(Data to process Opens)

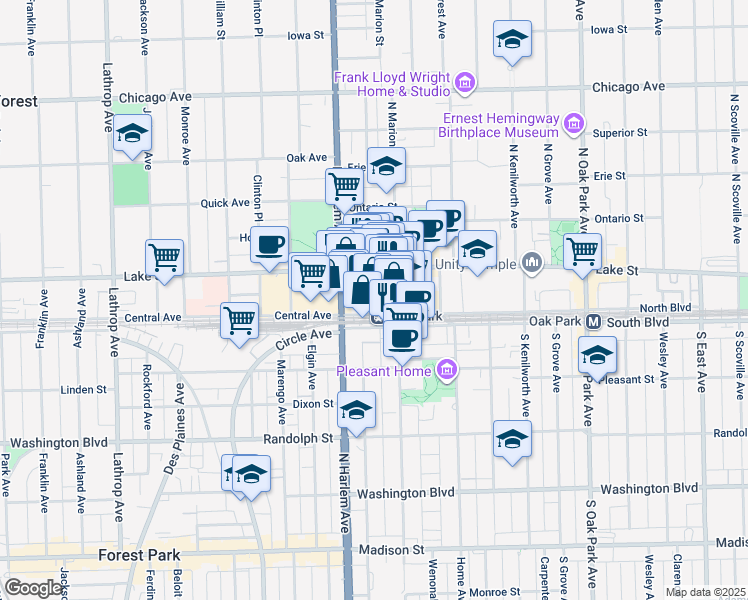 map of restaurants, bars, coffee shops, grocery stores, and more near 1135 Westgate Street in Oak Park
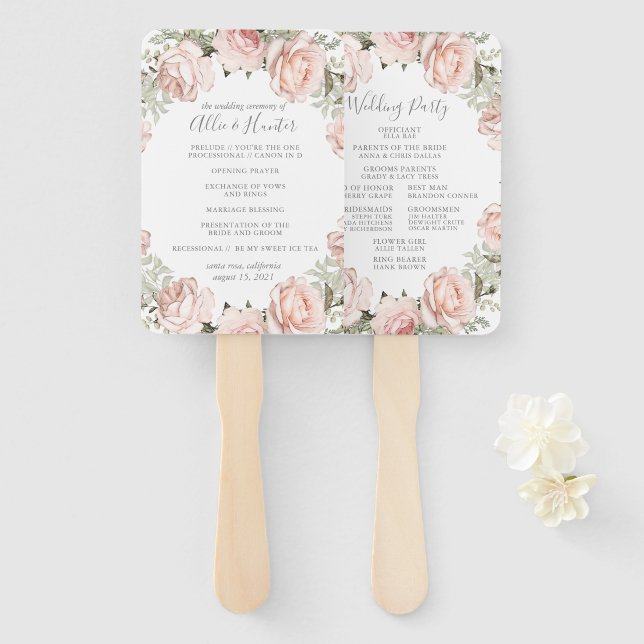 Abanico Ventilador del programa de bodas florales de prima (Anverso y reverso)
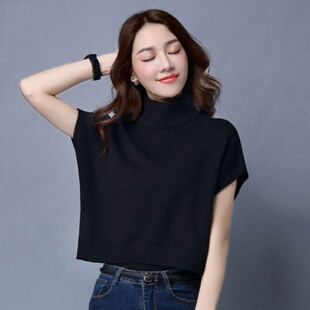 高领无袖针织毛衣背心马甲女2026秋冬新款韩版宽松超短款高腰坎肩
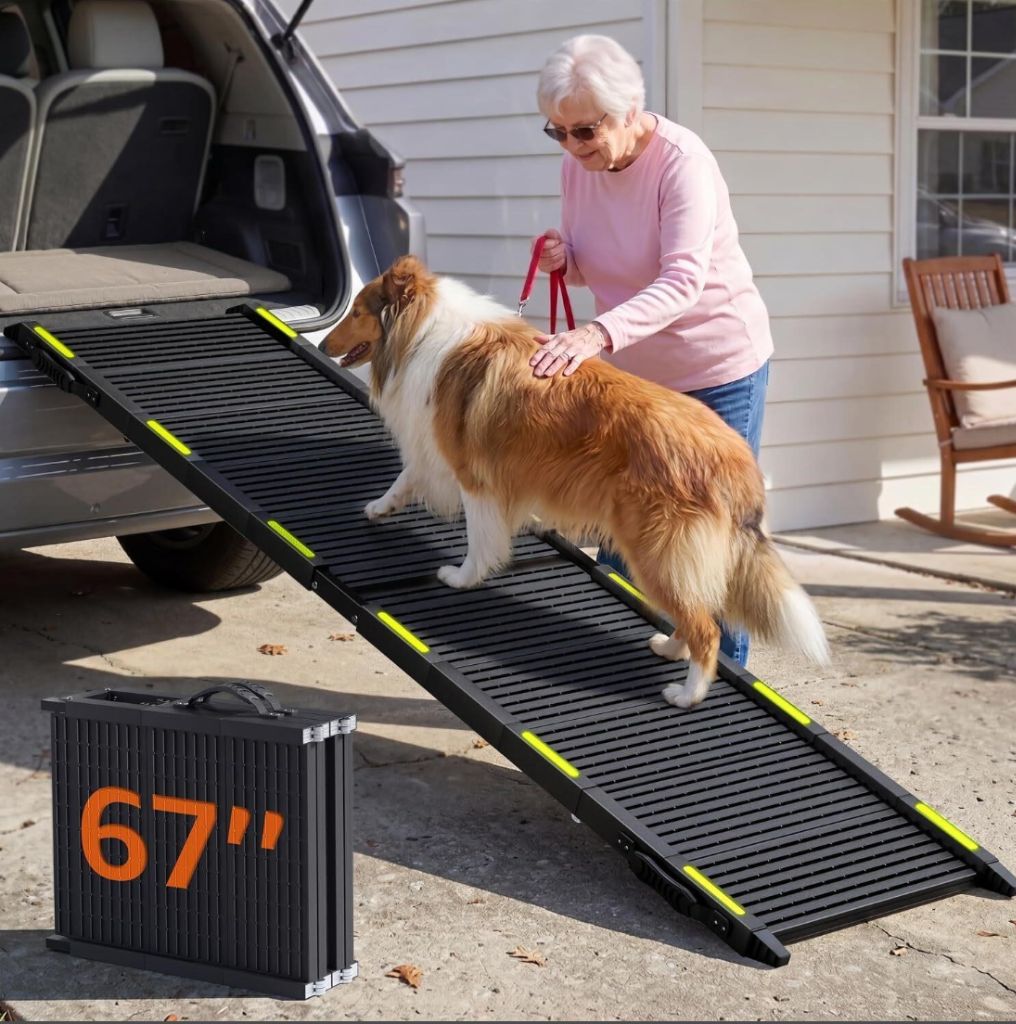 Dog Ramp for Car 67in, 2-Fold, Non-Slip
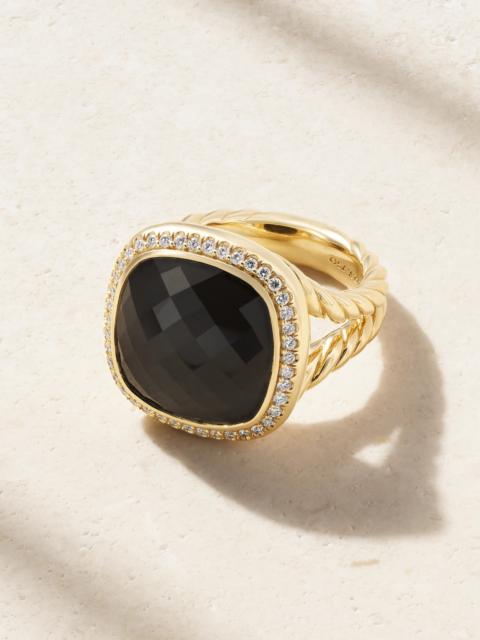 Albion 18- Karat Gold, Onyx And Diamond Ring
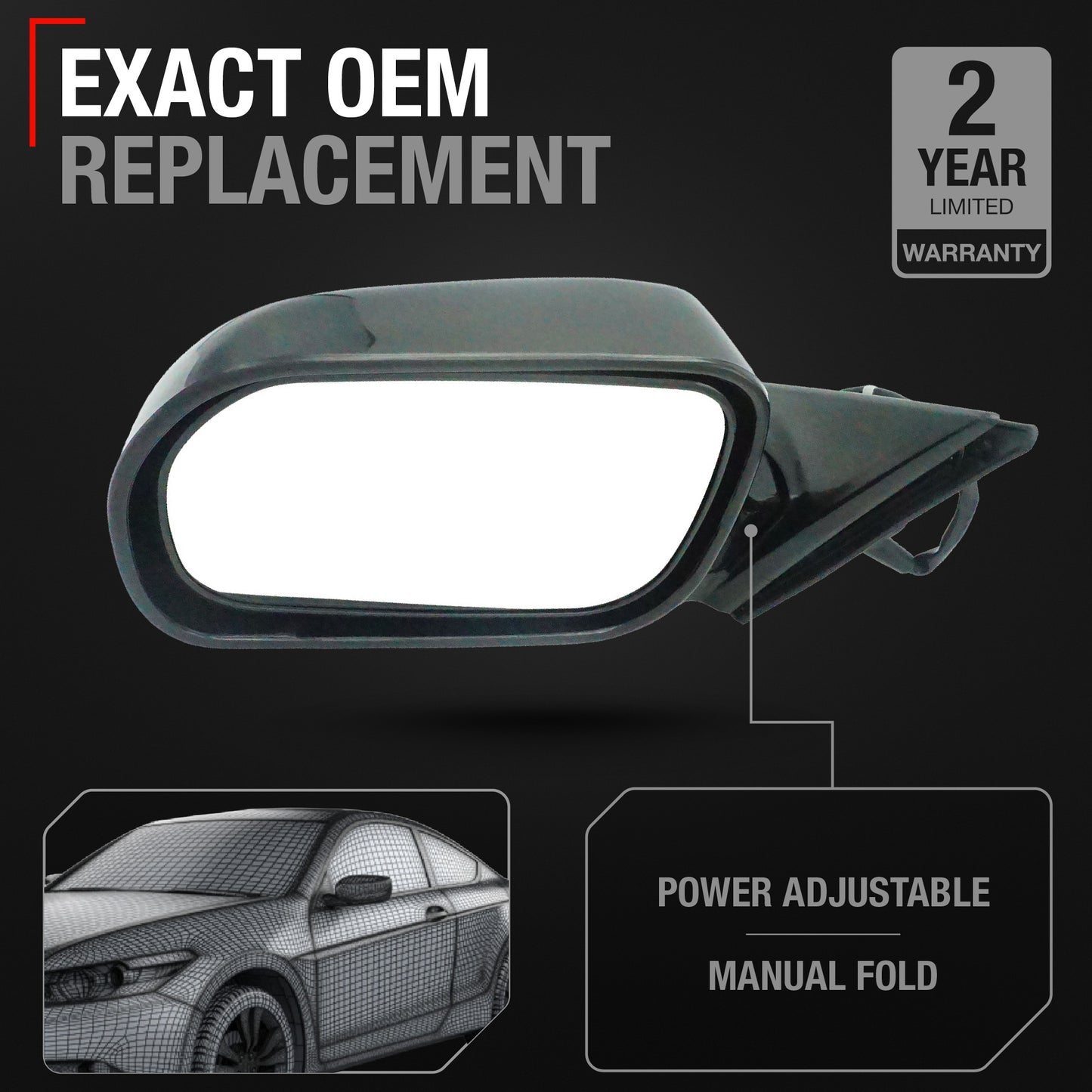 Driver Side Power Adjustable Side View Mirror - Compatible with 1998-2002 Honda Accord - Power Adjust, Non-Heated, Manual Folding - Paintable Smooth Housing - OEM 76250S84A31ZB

(Data to process Closes)

■ Work required ■
The lines above from the line with "Abanico Ventilador del" through the line with "Albion 18- Karat Gold, Onyx And Diamond Ring" are to be given again word for word, with no pictures among them.

■ Expected answer ■
 Abanico Ventilador del programa de bodas florales de prima (Anverso y reverso)
 高领无袖针织毛衣背心马甲女2026秋冬新款韩版宽松超短款高腰坎肩
 Dog Ramp for Car 67in, 2-Fold, Non-Slip
 Albion 18- Karat Gold, Onyx And Diamond Ring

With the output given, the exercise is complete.